Volunteers needed to collect winter buds of lowbush cranberry

By Sonnary Campbell 

The secret to knowing when wild berries will ripen each summer and fall may be hidden under the previous winter’s snow, researchers suspect. They’re asking for help in uncovering that secret.

The key may be in how much berry flower buds develop before winter arrives. So researchers from the University of Alaska Fairbanks and University of Connecticut want volunteers throughout Alaska to send them frozen lowbush cranberry buds.

UConn researchers will dissect the berries under a scanning electron microscope to determine how far along the buds developed before going dormant.

The team includes Christa Mulder of the UAF Institute of Arctic Biology, Katie Spellman of the UAF International Arctic Research Center and Pam Diggle of UConn.

Around the world, warmer temperatures have typically led to earlier budburst and green-up for plants. In recent research, Mulder and collaborators observed a peculiarity in Arctic and boreal plant responses to warmer temperatures: When it is warm the year before the plants flower, flowering is delayed.

Boreal plants make their buds at least a year before they flower. One possible explanation for the unexpected pattern is that in a very warm, long summer, the buds the plant made and was saving for the next year develop more than they should. Sometimes, plants like lowbush cranberry could bloom a second time late in the fall right before it snows, leaving the least-developed buds to burst in spring.

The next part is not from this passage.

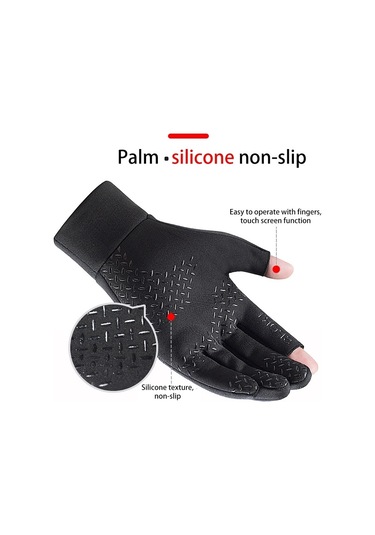 Happychildhood Balıkçılık Eldivenleri Gri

In a new project funded by the National Science Foundation, the UAF and UConn researchers are hoping to test if this is, in fact, happening. They hope to predict patterns in cranberry bud developmental stages with different temperatures and season lengths across the state. That information can help scientists and members of the public understand how the timing of berry flowering, ripening and picking will be affected by our changing climate.